– А твоя мать, Гачуча? Может быть, стоит рассказать ей, чтобы посмотреть, что она на это скажет? Ведь теперь все не так, как раньше, я ведь теперь не какой-нибудь подкидыш…
Сзади них на дороге послышались чьи-то легкие шаги, а над стеной показался силуэт молодого человека, который на цыпочках подкрался к ним, чтобы подсматривать за ними!
– Скорей уходи, Рамунчо, милый! До завтрашнего вечера!
И оба словно растворились в темноте: он скрылся в чаще, а она упорхнула в свою комнату.
Вот и окончена их серьезная беседа. Надолго? До завтра или навсегда? Каждый раз при прощании, будь оно долгим и безмятежным или внезапным и испуганным, они не знают, смогут ли снова увидеть друг друга завтра.
21
Солнечным июньским утром раздавался радостный перезвон колокола, старого, милого колокола Эчезара, который с наступлением темноты приказывал гасить огни, сзывал на праздники или звонил по усопшим. Вся деревня была затянута белыми тканями, белыми вышитыми полотнищами, и торжественная процессия в честь праздника Тела Господня медленно и торжественно двигалась по зеленой дороге, устланной стеблями укропа и нарезанного на болоте камыша.
Горы, совсем близкие и мрачные, сурово возвышались в своем рыжевато-коричневом одеянии над белой вереницей девочек, ступающих по ковру из листьев и скошенной травы.
Здесь были все старинные церковные хоругви, освещенные солнцем, которое они знают уже не один век, но которое видят лишь раз или два в году, в дни больших празднеств.
Большую хоругвь из белого шелка, расшитого тусклым золотом с изображением Девы Марии, несла шедшая впереди Грациоза, вся в белом, с мистически отрешенным взором.
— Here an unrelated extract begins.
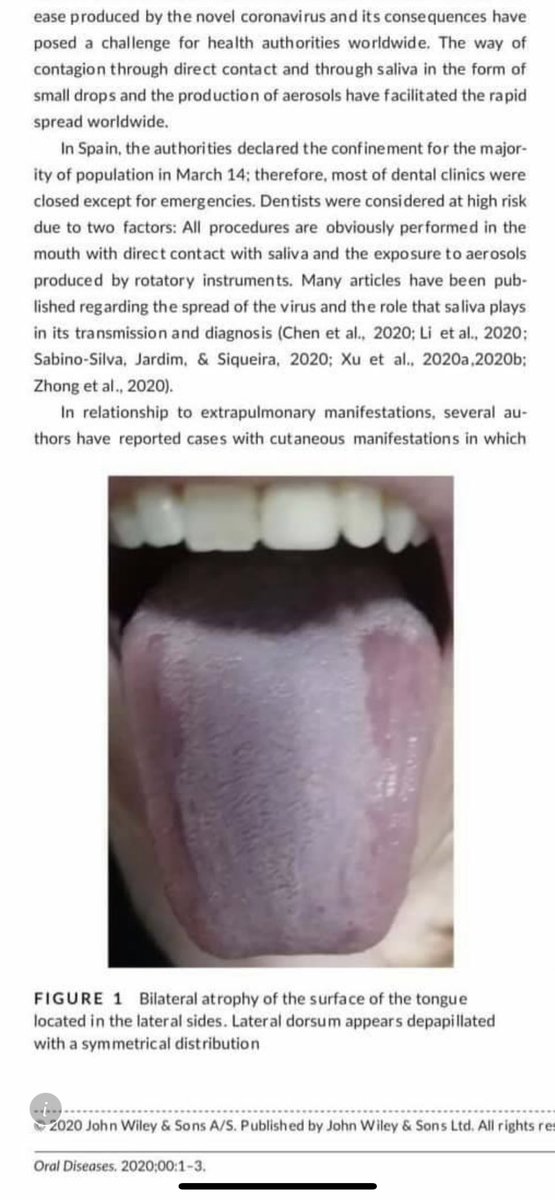 GameGnoahz's tweet photo. พึ่งรู้ว่า oral manifestation(อาการแสดง) ของโควิด-19 มี case report คือ น้ำลายแห้ง, แผลที่ลิ้น, การรับรสเปลี่ยน แผลที่เนื้อเยื่อในช่องปาก มีจุดเลือดออกตามเพดาน และเนื้อเยื่อในช่องปาก เนื่องจากเชื้อทำลายผนังหลอดเลือด โดยจับที่ ACE II receptorต่อมน้ำลาย (1) https://t.co/ft9iFAuXdf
Следом за девушками шли женщины, все женщины деревни, в черных покрывалах, и среди них Долорес и Франкита, два врага. Мужчины, довольно многочисленные, в низко надвинутых беретах и со свечами в руках замыкали шествие. Но это были главным образом старики с седыми волосами и покорными, смирившимися лицами.
Грациоза, высоко неся полотнище с изображением Пресвятой Девы, чувствовала себя в это мгновение отрешенной от всего земного: ей казалось, что она, уже покинув этот грешный мир, идет навстречу небесному храму.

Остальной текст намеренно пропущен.